# Compaq Presario CQ56 is connected to network, but has 'no internet access'



## lize182 (Sep 30, 2011)

My compaq presario cq56 laptop has been connected, via wireless, to our home broadband network for ages, but suddenly it's not working. A yellow triangle with an exclamation mark has appeared over the bars of the internet symbol in the system tray, and it tells me it's connected, but that there's no internet access.
All the other computers on the network are fine (one laptop, connected wirelessly,. and a desktop connected via cable). I have called TalkTalk and they have checked the connection, concluding that its fine. I have also been in contact with the manufacturer of our router (Belkin). After changing lots of settings around, they told me it must be an issue with the network adapter (?) on my laptop. I can't actually find any support from Compaq/HP themselves.
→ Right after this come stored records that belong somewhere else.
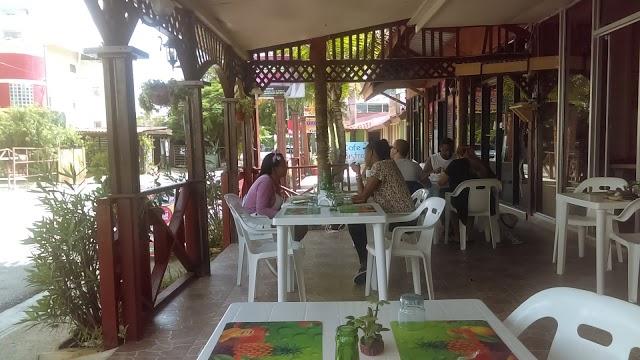 Sabor Caribeno Restaurant Las Canitas Bar and Internet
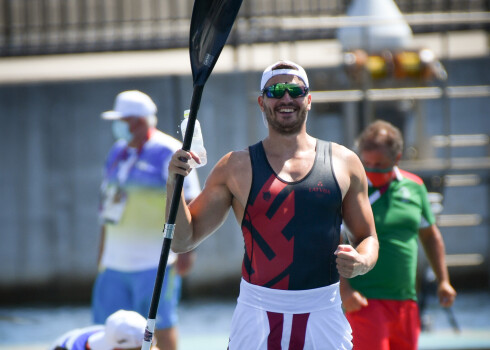 Roberts Akmens Tokijā.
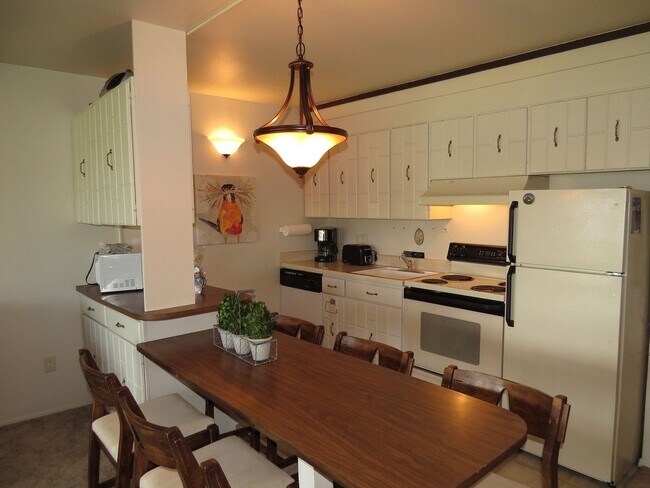 Building Photo - 401 W La Bonte St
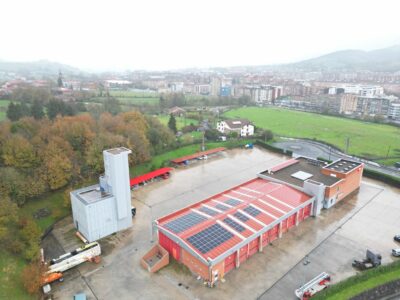 Bikote Solar instala paneles solares en los parques de bomberos de Bizkaia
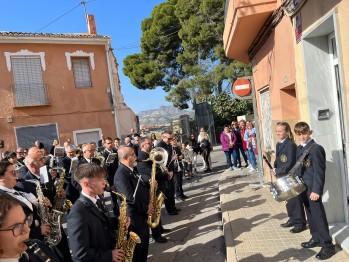 La Asociación Musical Virgen del Remedio ha realizado su tradicional recogida de educandos.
Please help!!


----------



## Blade_Jones (Feb 5, 2005)

Look under device manager to see if there's any yellow exclamation marks. 
From the command prompt run ipconfig /all then post results.


----------



## lize182 (Sep 30, 2011)

No yellow exclamation marks in device manager...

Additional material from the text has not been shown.